The two main objectives for our ESSA accountability design include:
- A focus on high expectations for student growth in math and reading for all levels of achievers and all demographics, including analysis of growth gaps; and
- Using a variety of data points, we propose a comprehensive statistical model that estimates the probability a school can achieve greatness in the future.
OUR PROPOSED ACCOUNTABILITY SYSTEM
First, What is a Great School?
In order to fully understand our recommended accountability design, we begin by defining what we believe constitutes a great school.

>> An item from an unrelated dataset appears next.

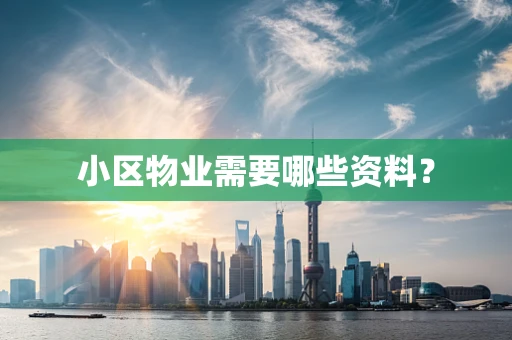 小区物业需要哪些资料？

Great schools demonstrate the following characteristics (in descending order of importance):
- High math and reading growth for students across the achievement spectrum;
- Above national average percentages of students meeting or exceeding expectations in all subject areas tested, no matter their students’ backgrounds;
- Little to no gap in achievement or growth in math and reading across all demographics, including special education and English language learners; and
- Safe learning environments with few behavioral incidents.
Our accountability model design includes a school-level composite index score encompassing these four elements and a probability of future greatness based on recent index score outcomes and other non-academic factors which contribute to success.
Indicators of Academic Achievement
Nationally, the next generation math and reading assessments are raising the proficiency bar. In fact, the bar is so much higher that many educators are moving away from the word proficiency altogether. Large percentages of schools have less than 20 percent of students meeting the new, higher benchmarks on the PARCC and Smarter Balanced assessments, and significant proportions of the student population perform well below benchmark.
If accountability systems merely focus on students meeting college readiness benchmarks, we worry schools looking for quick wins may utilize their resources to move average students across the proficiency line to the potential detriment of lower performing students. Therefore, our proposal recommends half credit for students approaching expectations. While it is likely unreasonable to expect 100 percent of students to be college ready right now, we think it is entirely appropriate to expect all students to be at least approaching the college readiness standard.
The EmpowerK12 design proposes separate indices for achievement and achievement gaps aggregated into an overall school index score. Below is an example of achievement index scores based on actual 2015 PARCC statewide results for the entire District of Columbia. The percentages below the index values show how much that result contributes to the overall school index score.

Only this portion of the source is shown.